La bague Chaumet est vendue au prix de 17 600 F et la bague Diperi Claret au prix de 4 750 F. La seule comparaison de ces deux prix suffit à établir l'acte de concurrence déloyale.
Sur les demandes:
Pour mettre fin à tout acte de contrefaçon et de concurrence déloyale, il sera fait interdiction à la société Diperi Claret de commercialiser la bague litigieuse sous astreinte de 5 000 F par infraction constatée.
La saisie-contrefaçon n'a porté que sur un modèle.
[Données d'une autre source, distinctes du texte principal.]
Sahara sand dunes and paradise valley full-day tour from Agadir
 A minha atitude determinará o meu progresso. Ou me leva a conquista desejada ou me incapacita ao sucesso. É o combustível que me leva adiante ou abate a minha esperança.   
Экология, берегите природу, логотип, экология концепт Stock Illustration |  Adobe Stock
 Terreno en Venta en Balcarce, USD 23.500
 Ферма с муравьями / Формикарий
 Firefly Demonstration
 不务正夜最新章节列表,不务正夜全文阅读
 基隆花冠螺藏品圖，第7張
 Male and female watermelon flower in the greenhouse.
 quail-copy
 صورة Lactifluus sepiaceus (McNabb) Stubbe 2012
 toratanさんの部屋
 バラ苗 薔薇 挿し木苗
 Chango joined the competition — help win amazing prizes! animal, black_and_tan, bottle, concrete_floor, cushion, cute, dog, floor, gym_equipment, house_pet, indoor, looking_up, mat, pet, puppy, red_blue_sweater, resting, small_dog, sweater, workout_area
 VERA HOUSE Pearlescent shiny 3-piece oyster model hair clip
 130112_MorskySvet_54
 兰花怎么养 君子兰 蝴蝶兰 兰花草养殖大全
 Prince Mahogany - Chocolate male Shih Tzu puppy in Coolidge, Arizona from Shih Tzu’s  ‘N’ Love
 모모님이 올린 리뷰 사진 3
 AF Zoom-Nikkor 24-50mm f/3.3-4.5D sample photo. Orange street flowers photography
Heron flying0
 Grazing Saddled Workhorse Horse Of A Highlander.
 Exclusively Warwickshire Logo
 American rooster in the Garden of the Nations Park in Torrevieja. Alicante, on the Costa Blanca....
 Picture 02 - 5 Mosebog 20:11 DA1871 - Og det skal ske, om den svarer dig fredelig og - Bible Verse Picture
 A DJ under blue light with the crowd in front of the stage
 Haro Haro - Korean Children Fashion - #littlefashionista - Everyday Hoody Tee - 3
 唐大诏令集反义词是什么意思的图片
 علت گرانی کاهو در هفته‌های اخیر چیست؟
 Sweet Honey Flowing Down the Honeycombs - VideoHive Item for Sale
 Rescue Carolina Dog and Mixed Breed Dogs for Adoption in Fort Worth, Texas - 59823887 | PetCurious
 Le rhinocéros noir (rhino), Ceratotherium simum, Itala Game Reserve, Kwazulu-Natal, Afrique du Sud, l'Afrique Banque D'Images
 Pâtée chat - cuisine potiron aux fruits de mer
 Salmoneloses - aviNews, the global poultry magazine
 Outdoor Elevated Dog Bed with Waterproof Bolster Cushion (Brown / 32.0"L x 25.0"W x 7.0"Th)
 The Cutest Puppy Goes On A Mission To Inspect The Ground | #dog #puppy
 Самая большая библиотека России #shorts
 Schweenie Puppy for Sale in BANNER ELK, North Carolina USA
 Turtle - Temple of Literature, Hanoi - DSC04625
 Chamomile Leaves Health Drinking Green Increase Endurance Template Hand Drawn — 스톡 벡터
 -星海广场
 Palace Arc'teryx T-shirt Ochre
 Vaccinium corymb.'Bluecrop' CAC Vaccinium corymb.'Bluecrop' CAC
Néanmoins, le modèle contrefait figure dans le catalogue de Monsieur Bruno Claret qui fabrique pour la société Diperi Claret.
Il convient de fixer à la somme de 50 000 F le préjudice subi par la société Chaumet du fait de cette contrefaçon et à la même somme son préjudice pour les faits de concurrence déloyale, la société Chaumet international justifiant par la production de ses catalogues et la publicité faite autour de sa marque de ses investissements importants, notamment autour de sa gamme "Lien" et du préjudice que lui fait subir toute atteinte à son modèle prestigieux.
La publication de la présente décision ne sera pas ordonnée à titre de dommages et intérêts complémentaires, les sommes allouées à la société Chaumet international couvrant son préjudice et le dommage ayant eu un impact assez faible, la Corse étant peu peuplée et très éloignée de Paris.
Il y a lieu de fixer à la somme de 10 000 F le montant des frais non compris dans les dépens que l'équité commande de ne pas laisser à la charge de la société Chaumet international en application de l'article 700 du nouveau Code de procédure civile.
Par ces motifs, LA COUR, Après en avoir délibéré conformément à la loi, Statuant publiquement, contradictoirement, Déclare recevable l'action de la société Chaumet international, Infirme le jugement déféré, Statuant à nouveau, Dit que le modèle "Lien" déposé à l'Organisation Mondiale de la Propriété Intellectuelle le 11 septembre 1995 par la société Chaumet international bénéficie de la protection du Code de la propriété intellectuelle, Dit que la société Diperi Claret, en commercialisant un modèle imitant de façon quasi-servile la bague de la société Chaumet international bénéficiant de la protection du Code de la propriété intellectuelle, s'est rendue coupable d'actes de contrefaçon, Dit que la société Diperi Claret en commercialisant ladite bague à un prix nettement inférieur, s'est rendue coupable d'actes de concurrence déloyale, Fait interdiction à la société Diperi Claret de poursuivre la commercialisation du modèle contrefait sous astreinte de sept cent soixante-deux euro et vingt-cinq cents (762,25 euro) par infraction constatée, Condamne la société Diperi Claret à payer à la société Chaumet international la somme de sept mille six cent vingt-deux euro et quarante-cinq cents (7 622,45 euro) à titre de dommages et intérêts pour contrefaçon et de sept mille six cent vingt-deux euro et quarante-cinq cents (7 622,45 euro) pour concurrence déloyale ainsi que celle de mille cinq cent vingt-quatre euro et quarante neuf cents (1 524,49 euro) en application de l'article 700 du nouveau Code de procédure civile, Déboute la société Chaumet international du surplus de ses demandes, Condamne la société Diperi Claret aux dépens de première instance et d'appel.